Regulatory cooperation in Canada

What is regulatory cooperation?

Regulatory cooperation is a process where governments work together to:

  • reduce unnecessary regulatory differences;
  • eliminate duplicative requirements and processes;
  • harmonize or align regulations;
  • share information and experiences; and
  • adopt international standards.

Regulatory cooperation applies to a range of regulatory activities, including: policy development; inspections; certification; adoption and development of standards; and product and testing approvals.

Regulatory cooperation benefits Canadians in many ways. Here are a few examples of initiatives that have made a real difference to Canadian businesses and consumers.

Regulatory cooperation success

Collaboration on Consumer Product Safety

In 2015 the three North American national product safety organizations – Health Canada (HC), the U.S. Consumer Product Safety Commission (CPSC), and Mexico’s Consumer Protection Federal Agency (PROFECO) – joined in an unprecedented tri-lateral initiative geared towards improving North American consumer product safety.

The first research project under this initiative focused on testing USB chargers and AC laptop chargers. These are products that North Americans use every day. Millions of chargers are sold every year and are used to charge a wide range of small electronic products.

The goal of this project was to identify the potential risk these products pose to users and property and identify possible improvements to existing safety standards. In , the three product safety organizations recommended that standards development organizations in all three jurisdictions add new testing requirements to existing standards to assess the potential for fire and burn hazards caused by AC powered chargers. This will improve safety standards for these products across all three countries.

This is the first project under the tri-lateral initiative and it serves as an inspirational model of collaboration across the three different jurisdictions. The three North American national product safety organizations plan on leveraging the success of this first project to tackle other consumer products.

Reduced costs to businesses

  • Canada and the U.S. have established a Common Electronic Submission Gateway for health product approvals. This electronic courier allows a company to submit information about a health product market authorization once for both countries. It is expected to save the Canadian pharmaceutical industry more than $22 million over 10 years in administrative costs alone.
  • In , Canada launched a pilot project for U.S. sunscreens to enter into Canada without being quarantined and tested for a second time at the border. It is estimated that this regulatory cooperation initiative will save the consumer health product industry $100,000 annually per sunscreen product.

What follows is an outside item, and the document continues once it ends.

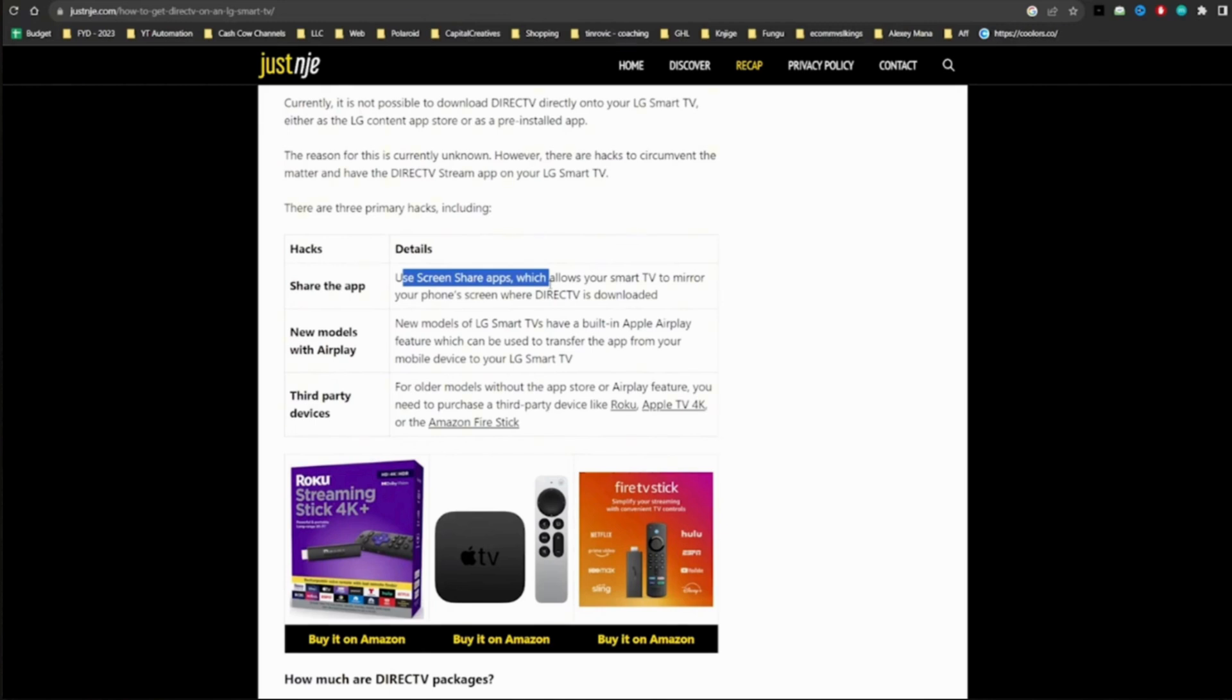New models of LG smart TVs have a built-in Apple AirPlay feature which can be used to transfer the app from your mobile device to your LG smart TV.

More product choice and lower prices for consumers:

  • Canada and the U.S. have been working together to harmonize energy efficiency standards for products such as refrigerators and air conditioners. The most recent efforts to align standards will save Canadians about $1.8 billion in energy costs by 2030, and manufacturers about $1.5 million per year.
  • In , Canada and the U.S. formally recognized their respective regulations on the transportation of dangerous goods so that businesses are no longer required to seek approvals on both sides of the border. This increased efficiency means that Canadians will see better choice and prices for products such as propane tanks for outdoor grills.

Improved health, safety, security and environmental protection:

  • Canada and the U.S., through the RCC Aquaculture work plan, produced a joint study comparing the regulatory regimes for net pen aquaculture for each country. The study indicates both countries’ regulations lead to the production of healthy and sustainable farmed salmon and protect wild fisheries and the aquatic environment. Both Canada and the U.S. are committed to ongoing cooperation and the exchange of regulatory information on aquaculture and the aquatic environment.
  • Canada recently created the Locomotive Emissions Regulations (PDF, 3.1 MB) to reduce the amount of harmful air pollutants including nitrogen oxides and particulate matter allowed from trains as these pollutants contribute to health problems such as heart and lung diseases. The new regulations align Canada’s approach with U.S. Rule for Emissions Standards for Locomotives and Locomotive Engines.
  • Canada aligned Motor Vehicle Safety Regulations with the U.S. Federal Motor Vehicle Safety Standards (PDF, 1.5 MB) in 2017, requiring the use of electronic stability control systems (ESC) in all heavy vehicles. Requiring ESC systems will lead to positive net benefits for both truck tractors and motor coaches, preventing collisions and resulting in a minimum benefit of nearly $18 million over the average useful life of the vehicles.